“Raccontare quei momenti per me è difficile”. Mario Piga, ex centrocampista dell’Avellino a cavallo tra i Settanta e gli Ottanta, fa fatica a ricordare il terremoto dell’Irpinia anche a distanza di quarant’anni. “Un’apocalisse”, dice. Fu una scossa violenta che durò 90 secondi, causando quasi tremila vittime e 280mila sfollati. Il sisma si verificò domenica 23 novembre alle 19.34. Nel pomeriggio l’Avellino aveva sconfitto in casa l’Ascoli 4-2. Autogol di Scorsa, Juary e doppietta di Ugolotti (uno su rigore) per i biancoverdi, Trevisanello e Scanziani per i marchigiani.
L’Avellino frequentava la massima serie dal 1978, il gol della promozione lo aveva segnato proprio Piga contro la Sampdoria. In quel 1980 la squadra era partita con cinque punti di penalizzazione per via dello scandalo Totonero di qualche mese prima. Ma quella allenata da Luis Vinicio era una formazione brillante e con la vittoria sull’Ascoli abbandonava, all’ottava giornata, l’ultimo posto in classifica. Poi in serata il terremoto con magnitudo 6,9 che colpì Campania centrale e la Basilicata centro-settentrionale.

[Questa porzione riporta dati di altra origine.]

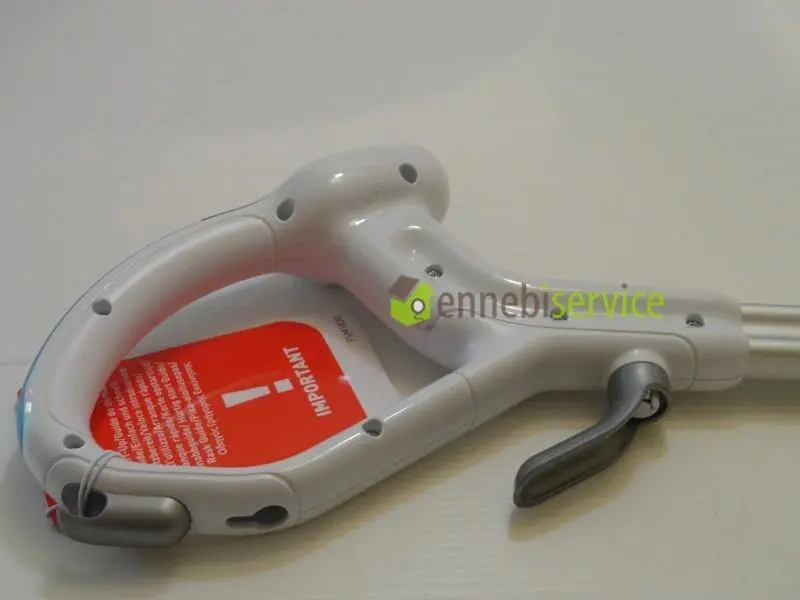Black Steam Puck Stick + Decker FSM1630
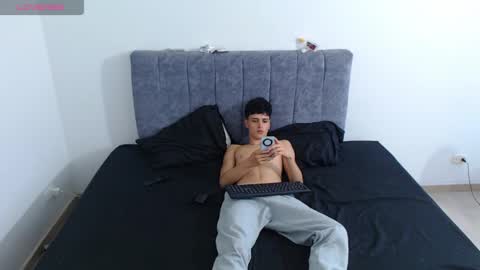 Snapshot of vanie_ chatting on April 19, 10:45 pm Ruby and Vanie online show from April 19, 10:45 pm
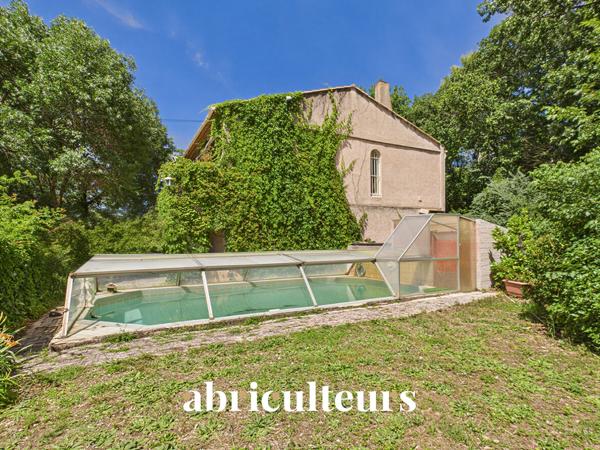 Maison familiale de 170 m² à fort potentiel en vente Aix en Provence (13590)( Pont des 3 Sautets)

“Vivevo con moglie e figlio in zona Alvanella. In casa quella sera c’era anche mia suocera e Pierpaolo Marino, il giovane dirigente con cui avevo un bellissimo rapporto. Eravamo tutti a tavola per la cena. Avevo la forchetta in mano e i tortiglioni sul piatto, sentii tremare il pavimento come fosse entrata una ruspa da sotto per sfasciare tutto. Presi immediatamente il bambino in braccio, mentre Pierpaolo diceva: il terremoto, il terremoto…”.
Il panico.
“Eravamo al primo piano, il portone era chiuso, la chiave era là ma non la trovavo. Ho rotto un vetro e mi sono fatto male. Fuori era buio ed era un caldo torrido. Tutto sembrava strano. Alla mia auto parcheggiata lì fuori, se ne erano attaccate altre due ai lati”.
Intanto la mano sanguinava…
“Pierpaolo mi disse di andare al pronto soccorso. In pochi chilometri ho visto cose allucinanti: case crollate, pali della luce a terra, gente che gridava. Un’apocalisse. In ospedale assistetti ad altre scene incredibili, tutti erano presi dal panico. La sala dove mettevano i punti di sutura era in una zona dello stabile molto pericolosa qualora fosse arrivata un’altra scossa. Un infermiere mi riconobbe e mi curò perché la mano non poteva rimanere in quelle condizioni. In dieci minuti mi mise 8 punti e ritornai verso casa”.
Dove passaste la notte?
“Ci siamo messi in macchina verso Roma dove avevamo dei parenti. Cinque ore di strada, c’era una coda mai vista e continuava a fare molto caldo”.
E i giorni successivi?
“Furono tremendi per tutti. La squadra dovette trovare un nuovo campetto per gli allenamenti, al mercoledì ci spostammo a Montecatini perché la partita con la Pistoiese non venne rinviata. Perdemmo 2-1, eravamo completamente imbambolati”.
Poi la squadra si riprese regalando, per quanto possibile durante una tragedia del genere, attimi di serenità agli avellinesi.
“Giocammo due gare casalinghe allo stadio San Paolo di Napoli. Vittoria con il Catanzaro, poi pareggio con la Juve grazie ad un mio gol. Fu la svolta della stagione”.
Alla fine vi avvicinaste alla qualificazione in Coppa Uefa.
“Era una bella squadra. Vinicio faceva un calcio aperto, beccavamo qualche gol in più ma avevamo una mentalità offensiva. In quella partita con l’Ascoli erano in campo contemporaneamente Juary, Vignola e Ugolotti. Io ero un tuttocampista come oggi può essere Barella. Soprattutto c’era un bel gruppo, che andava d’accordo con società, tifosi e giornalisti”.
Oggi lei è tornato a vivere in Sardegna, a Palau dove è nato.
“Avellino mi ha dato tutto, compresi i campionati più belli della mia carriera. È la mia seconda casa. Quando passo in città, l’affetto della gente mi mette persino a disagio”.